WORK REQUEST –
The line containing "Castle High School" marks where copying starts, so set down that line and each one after it exactly, through the end of the records.

*** Opening of EXERCISE MATERIALS ***

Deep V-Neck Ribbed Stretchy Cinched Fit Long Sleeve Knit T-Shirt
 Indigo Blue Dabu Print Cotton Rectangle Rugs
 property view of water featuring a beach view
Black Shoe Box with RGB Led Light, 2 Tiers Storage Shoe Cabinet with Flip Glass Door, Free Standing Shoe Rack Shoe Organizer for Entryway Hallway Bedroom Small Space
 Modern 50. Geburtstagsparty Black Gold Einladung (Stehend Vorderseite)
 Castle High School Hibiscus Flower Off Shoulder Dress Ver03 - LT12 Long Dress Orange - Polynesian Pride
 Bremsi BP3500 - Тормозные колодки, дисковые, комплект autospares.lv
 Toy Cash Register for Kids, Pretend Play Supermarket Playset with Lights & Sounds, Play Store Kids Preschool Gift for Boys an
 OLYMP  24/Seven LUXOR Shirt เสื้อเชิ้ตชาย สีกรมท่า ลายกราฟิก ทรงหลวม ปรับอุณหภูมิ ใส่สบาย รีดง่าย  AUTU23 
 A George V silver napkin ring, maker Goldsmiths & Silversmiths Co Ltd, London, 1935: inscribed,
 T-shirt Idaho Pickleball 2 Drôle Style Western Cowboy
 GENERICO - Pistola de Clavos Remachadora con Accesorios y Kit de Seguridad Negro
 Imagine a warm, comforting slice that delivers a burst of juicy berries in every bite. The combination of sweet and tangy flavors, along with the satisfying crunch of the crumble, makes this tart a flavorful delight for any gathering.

*** Close of EXERCISE MATERIALS ***

TASK RESULT –
 Castle High School Hibiscus Flower Off Shoulder Dress Ver03 - LT12 Long Dress Orange - Polynesian Pride
 Bremsi BP3500 - Тормозные колодки, дисковые, комплект autospares.lv
 Toy Cash Register for Kids, Pretend Play Supermarket Playset with Lights & Sounds, Play Store Kids Preschool Gift for Boys an
 OLYMP  24/Seven LUXOR Shirt เสื้อเชิ้ตชาย สีกรมท่า ลายกราฟิก ทรงหลวม ปรับอุณหภูมิ ใส่สบาย รีดง่าย  AUTU23 
 A George V silver napkin ring, maker Goldsmiths & Silversmiths Co Ltd, London, 1935: inscribed,
 T-shirt Idaho Pickleball 2 Drôle Style Western Cowboy
 GENERICO - Pistola de Clavos Remachadora con Accesorios y Kit de Seguridad Negro
 Imagine a warm, comforting slice that delivers a burst of juicy berries in every bite. The combination of sweet and tangy flavors, along with the satisfying crunch of the crumble, makes this tart a flavorful delight for any gathering.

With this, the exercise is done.